Капитан Саратов ехал в голове колонны. В кузове одной из машин сидели уставшие солдаты в выгоревших гимнастерках. На коленях они заботливо держали укутанных в видавшие виды шинели Ренату, Ханнелору и Маргарет.

Солдаты ехали на запад, и никто из них не знал, как долго им еще придется ехать, как далеко они окажутся от своей Родины.

Утром объявили привал. Солдаты высыпали из машин, собрались небольшими группами, курили, плескались в протекавшем рядом ручье.

Командир батальона Саратов стоял в стороне, опершись о ствол упавшего дерева, и задумчиво наблюдал за игрой форелей в ручье. На его широкие плечи была наброшена шинель. К нему подошел связной. Саратов расстегнул планшетку и вынул карту.

Делая пометки на карте, он вдруг услышал чей-то тихий плач.

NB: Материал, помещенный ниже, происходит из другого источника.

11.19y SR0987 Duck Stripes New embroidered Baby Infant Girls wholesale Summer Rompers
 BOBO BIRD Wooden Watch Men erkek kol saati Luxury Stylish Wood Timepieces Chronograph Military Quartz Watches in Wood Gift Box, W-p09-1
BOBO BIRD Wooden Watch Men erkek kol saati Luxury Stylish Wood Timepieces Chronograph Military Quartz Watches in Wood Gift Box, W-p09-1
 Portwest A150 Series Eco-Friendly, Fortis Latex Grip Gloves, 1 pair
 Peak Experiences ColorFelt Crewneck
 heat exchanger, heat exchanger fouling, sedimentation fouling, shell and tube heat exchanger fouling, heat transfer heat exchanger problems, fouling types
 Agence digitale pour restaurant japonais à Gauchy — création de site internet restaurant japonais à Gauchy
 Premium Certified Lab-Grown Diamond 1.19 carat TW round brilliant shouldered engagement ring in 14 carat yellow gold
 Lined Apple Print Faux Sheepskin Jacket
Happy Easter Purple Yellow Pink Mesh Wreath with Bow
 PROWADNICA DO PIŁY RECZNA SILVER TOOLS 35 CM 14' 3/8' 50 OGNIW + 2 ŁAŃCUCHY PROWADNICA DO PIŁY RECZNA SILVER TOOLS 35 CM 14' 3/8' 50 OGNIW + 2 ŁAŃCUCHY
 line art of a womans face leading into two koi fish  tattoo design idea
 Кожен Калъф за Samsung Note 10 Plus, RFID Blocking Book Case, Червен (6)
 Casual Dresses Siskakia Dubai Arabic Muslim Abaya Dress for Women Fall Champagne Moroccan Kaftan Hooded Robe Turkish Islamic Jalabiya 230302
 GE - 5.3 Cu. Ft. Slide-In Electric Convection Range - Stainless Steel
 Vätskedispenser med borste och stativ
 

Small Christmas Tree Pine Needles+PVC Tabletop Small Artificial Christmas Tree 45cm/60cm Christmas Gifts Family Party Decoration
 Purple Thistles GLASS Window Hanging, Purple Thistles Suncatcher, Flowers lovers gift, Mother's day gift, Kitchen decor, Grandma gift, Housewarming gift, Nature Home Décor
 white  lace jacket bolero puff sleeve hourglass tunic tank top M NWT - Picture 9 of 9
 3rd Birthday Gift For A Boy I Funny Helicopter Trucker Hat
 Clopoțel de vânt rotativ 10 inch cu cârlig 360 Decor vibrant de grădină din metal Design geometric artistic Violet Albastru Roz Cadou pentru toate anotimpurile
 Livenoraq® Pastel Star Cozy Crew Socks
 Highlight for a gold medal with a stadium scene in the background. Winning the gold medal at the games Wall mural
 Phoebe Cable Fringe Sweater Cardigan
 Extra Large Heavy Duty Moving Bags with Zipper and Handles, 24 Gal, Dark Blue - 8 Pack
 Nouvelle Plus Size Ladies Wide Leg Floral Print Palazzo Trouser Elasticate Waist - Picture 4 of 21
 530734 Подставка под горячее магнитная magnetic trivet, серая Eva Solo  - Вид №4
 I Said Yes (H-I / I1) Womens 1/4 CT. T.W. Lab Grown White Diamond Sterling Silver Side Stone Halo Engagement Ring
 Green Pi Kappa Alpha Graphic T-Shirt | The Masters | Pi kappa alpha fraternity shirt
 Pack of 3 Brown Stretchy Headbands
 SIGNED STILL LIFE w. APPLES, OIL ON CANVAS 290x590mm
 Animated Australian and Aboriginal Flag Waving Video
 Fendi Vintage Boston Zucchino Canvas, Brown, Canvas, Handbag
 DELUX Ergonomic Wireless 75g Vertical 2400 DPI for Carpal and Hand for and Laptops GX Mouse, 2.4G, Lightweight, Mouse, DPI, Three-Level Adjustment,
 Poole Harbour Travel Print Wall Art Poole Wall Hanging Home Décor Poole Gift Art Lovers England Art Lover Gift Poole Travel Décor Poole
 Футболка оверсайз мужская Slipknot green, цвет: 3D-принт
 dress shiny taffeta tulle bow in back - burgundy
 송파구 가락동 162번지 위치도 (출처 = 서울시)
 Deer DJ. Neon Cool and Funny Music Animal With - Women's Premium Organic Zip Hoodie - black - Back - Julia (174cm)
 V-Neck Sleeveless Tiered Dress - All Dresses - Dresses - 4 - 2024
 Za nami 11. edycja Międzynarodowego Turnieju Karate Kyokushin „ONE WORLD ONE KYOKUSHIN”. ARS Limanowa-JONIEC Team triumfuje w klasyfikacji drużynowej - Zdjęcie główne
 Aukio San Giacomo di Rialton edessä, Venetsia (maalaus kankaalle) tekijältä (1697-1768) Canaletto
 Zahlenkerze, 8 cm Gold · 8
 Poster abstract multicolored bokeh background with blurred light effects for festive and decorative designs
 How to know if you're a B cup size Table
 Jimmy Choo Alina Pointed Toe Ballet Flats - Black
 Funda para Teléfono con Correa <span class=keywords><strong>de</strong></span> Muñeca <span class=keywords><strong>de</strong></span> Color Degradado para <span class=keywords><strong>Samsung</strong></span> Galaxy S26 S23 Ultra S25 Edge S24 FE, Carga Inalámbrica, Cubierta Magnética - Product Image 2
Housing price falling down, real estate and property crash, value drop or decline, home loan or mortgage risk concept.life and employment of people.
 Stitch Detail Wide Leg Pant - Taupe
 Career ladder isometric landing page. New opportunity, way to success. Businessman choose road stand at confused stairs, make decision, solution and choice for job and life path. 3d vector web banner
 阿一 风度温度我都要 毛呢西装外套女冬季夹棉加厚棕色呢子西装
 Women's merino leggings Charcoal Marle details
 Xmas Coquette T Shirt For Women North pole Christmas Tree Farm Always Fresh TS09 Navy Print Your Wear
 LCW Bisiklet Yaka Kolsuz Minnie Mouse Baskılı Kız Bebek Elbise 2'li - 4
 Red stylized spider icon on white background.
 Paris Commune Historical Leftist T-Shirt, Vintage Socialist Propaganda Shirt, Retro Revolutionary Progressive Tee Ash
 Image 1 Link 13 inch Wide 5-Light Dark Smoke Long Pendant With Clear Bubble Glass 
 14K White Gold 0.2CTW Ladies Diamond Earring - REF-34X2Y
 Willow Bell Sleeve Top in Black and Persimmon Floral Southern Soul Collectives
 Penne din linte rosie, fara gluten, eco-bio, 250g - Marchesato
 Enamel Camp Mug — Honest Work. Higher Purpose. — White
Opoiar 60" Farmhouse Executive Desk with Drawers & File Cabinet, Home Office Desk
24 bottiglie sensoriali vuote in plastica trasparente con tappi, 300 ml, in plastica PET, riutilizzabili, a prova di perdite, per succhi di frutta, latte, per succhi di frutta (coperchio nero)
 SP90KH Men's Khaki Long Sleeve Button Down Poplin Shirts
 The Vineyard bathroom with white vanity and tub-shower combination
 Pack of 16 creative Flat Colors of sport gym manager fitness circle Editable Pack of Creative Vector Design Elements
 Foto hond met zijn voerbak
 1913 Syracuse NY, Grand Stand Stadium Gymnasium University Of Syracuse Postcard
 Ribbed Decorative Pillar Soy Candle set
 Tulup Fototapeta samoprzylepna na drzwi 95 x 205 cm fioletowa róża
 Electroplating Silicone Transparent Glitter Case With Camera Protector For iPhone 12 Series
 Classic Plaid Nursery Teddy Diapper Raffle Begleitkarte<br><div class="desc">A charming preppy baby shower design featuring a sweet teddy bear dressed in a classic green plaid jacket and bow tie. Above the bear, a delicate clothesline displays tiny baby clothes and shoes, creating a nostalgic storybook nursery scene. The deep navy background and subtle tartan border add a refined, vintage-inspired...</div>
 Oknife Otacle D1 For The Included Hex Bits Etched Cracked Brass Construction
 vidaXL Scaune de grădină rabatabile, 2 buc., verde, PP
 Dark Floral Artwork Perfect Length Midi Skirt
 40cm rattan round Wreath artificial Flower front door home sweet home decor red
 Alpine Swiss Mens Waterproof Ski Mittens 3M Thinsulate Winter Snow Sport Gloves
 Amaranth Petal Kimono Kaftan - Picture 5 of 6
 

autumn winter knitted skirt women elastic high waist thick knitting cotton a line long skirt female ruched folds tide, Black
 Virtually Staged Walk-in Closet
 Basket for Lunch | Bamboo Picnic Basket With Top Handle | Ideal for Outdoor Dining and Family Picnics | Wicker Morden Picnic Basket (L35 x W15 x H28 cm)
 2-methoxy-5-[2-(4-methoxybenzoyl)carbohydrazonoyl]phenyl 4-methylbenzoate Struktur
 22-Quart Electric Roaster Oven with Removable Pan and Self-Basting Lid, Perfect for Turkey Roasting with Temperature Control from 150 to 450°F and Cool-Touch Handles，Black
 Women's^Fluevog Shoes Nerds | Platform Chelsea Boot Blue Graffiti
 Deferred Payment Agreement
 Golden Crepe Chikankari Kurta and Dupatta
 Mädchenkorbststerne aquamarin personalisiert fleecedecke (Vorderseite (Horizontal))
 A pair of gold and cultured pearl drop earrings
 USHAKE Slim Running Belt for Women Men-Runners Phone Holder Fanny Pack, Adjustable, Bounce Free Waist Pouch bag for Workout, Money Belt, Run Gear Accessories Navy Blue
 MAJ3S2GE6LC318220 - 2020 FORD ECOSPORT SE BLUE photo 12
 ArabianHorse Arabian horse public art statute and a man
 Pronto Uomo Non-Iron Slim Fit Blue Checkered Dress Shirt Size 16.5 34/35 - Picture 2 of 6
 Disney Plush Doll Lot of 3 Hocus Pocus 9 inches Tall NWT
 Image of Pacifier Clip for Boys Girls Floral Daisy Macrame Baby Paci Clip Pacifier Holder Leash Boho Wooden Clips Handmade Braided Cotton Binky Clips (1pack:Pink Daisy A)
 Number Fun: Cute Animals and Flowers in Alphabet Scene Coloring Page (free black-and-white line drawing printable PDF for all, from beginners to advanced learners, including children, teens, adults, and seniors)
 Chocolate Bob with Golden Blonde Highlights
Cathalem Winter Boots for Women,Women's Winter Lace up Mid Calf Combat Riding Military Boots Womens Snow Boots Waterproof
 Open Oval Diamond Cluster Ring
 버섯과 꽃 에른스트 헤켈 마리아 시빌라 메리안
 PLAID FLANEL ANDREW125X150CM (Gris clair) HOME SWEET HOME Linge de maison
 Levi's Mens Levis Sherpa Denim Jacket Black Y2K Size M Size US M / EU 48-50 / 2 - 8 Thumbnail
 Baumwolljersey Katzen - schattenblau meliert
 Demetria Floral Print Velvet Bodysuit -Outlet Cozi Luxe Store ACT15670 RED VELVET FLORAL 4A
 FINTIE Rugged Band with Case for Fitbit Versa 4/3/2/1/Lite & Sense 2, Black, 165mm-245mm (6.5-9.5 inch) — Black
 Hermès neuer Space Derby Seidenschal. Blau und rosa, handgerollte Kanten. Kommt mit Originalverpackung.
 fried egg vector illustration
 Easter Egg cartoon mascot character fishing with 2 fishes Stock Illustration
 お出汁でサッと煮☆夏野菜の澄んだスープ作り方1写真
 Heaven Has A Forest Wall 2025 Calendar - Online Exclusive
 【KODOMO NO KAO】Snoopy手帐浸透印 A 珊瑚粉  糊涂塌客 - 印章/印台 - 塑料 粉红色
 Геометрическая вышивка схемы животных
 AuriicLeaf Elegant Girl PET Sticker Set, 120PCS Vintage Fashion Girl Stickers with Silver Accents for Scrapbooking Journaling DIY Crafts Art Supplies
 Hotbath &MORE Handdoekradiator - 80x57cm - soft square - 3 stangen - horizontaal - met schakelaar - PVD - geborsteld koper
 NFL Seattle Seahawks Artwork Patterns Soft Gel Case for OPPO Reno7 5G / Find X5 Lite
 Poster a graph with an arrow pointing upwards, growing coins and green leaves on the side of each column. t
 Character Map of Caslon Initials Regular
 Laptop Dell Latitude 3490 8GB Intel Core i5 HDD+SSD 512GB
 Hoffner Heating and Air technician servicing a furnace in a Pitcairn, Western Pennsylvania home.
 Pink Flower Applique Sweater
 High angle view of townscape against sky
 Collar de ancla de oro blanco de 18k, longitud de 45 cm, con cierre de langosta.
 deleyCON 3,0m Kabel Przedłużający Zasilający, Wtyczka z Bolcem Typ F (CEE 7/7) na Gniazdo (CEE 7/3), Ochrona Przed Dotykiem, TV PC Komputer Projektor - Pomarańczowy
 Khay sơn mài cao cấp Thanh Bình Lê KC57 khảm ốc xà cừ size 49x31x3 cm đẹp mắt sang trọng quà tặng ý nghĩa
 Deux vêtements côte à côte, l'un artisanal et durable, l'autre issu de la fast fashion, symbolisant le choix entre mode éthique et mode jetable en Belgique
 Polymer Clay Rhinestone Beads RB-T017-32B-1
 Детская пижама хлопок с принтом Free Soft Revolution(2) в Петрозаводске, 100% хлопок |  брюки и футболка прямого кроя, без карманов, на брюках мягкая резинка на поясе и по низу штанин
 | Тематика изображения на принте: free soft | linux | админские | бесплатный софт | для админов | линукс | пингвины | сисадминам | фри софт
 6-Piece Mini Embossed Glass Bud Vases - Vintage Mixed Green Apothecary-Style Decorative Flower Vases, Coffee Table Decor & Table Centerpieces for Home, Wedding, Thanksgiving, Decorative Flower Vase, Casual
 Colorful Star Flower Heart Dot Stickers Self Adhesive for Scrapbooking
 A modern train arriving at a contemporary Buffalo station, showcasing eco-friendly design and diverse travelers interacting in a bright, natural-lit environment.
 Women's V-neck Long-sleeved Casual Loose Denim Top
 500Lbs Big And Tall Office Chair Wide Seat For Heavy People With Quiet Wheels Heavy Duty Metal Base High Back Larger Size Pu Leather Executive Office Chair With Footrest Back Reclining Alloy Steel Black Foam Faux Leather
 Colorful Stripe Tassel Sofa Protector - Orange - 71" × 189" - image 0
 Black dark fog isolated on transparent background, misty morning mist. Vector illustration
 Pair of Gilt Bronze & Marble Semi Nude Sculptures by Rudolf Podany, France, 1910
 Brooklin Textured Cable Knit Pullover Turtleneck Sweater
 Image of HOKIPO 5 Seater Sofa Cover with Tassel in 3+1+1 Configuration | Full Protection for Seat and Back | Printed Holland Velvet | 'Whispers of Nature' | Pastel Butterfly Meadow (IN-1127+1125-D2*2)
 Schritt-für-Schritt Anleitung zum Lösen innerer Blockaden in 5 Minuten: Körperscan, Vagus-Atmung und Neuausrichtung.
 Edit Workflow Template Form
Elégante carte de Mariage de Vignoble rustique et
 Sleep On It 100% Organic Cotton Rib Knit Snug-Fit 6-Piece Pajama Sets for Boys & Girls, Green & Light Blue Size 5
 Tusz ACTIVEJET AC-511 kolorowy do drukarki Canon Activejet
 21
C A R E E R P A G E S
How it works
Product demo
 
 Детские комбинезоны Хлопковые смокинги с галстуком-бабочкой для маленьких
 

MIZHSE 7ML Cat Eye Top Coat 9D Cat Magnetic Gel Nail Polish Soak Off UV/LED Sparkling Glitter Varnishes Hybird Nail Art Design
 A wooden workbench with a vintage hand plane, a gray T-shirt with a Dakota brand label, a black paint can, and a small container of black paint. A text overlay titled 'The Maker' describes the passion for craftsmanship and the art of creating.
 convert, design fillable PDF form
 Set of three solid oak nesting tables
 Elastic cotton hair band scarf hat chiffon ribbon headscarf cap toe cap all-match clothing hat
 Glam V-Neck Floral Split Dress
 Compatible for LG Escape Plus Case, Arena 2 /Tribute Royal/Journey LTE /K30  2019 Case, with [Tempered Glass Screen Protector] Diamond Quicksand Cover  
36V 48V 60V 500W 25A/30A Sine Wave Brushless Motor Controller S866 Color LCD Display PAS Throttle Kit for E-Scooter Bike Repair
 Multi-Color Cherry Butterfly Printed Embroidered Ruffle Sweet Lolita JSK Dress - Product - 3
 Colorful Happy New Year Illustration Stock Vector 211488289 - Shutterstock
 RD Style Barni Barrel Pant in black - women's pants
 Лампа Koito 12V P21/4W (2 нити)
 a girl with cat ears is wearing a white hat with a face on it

Рядом с ним стояла Ханнелора и, прижав ручку к щеке, жалобно хныкала:

— Ой, дядя Миша, мой зуб... Так мне больно.

Саратов отдал приказание связному, а потом взял девочку на руки и понес к санитарной летучке.

— Что делать, доктор?

Пожилой санитар ответил:

— Это ноет молочный зуб, его нужно удалить. Он уже шатается, — и вытащил из сумки огромные щипцы. Ханнелора от страха заревела во весь голос и вцепилась в Саратова.

— Знаешь что, парень, — рассердился Саратов, — убери-ка свои щипцы подальше. У тебя что, сердца нет?! В ближайшем городе найди зубного врача. А пока дай ребенку что нибудь болеутоляющее. Понятно?

Санитар сделал все, как ему приказали.

Так прошло несколько недель. Они жили одной большой дружной семьей — Вернер, бородатый сержант, девочки, капитан Саратов и все солдаты его батальона.

В одном тюрингском городке подразделение Саратова расположилось надолго. Как-то Вернер и девочки пошли гулять по улицам вместе с советским капитаном. Жители с любопытством следили за ними из-за занавесок на окнах.

Дети уже не удивлялись, когда встречные горожане уважительно уступали Саратову дорогу.

Ханнелора шествовала рядом с капитаном, крепко ухватившись за средний палец его правой руки. Совсем маленькая Маргарет сидела у Саратова на левой руке, обняв его за шею.

Казалось, война обошла стороной этот городок. Не было видно разрушенных домов, улицы были чистые и аккуратные. Саратов остановился перед одним ухоженным особняком. На мраморной вывеске сверкала надпись «Бургомистрат». Саратов оглядел своих маленьких спутников и сказал:

— Пошли, мы должны нанести визит бургомистру.

Несколько смутившаяся при виде необычных визитеров секретарша доложила о приходе советского офицера.

— Бургомистр Репперт. Прошу, располагайтесь, как вам удобно. Чем могу быть полезен, господин капитан?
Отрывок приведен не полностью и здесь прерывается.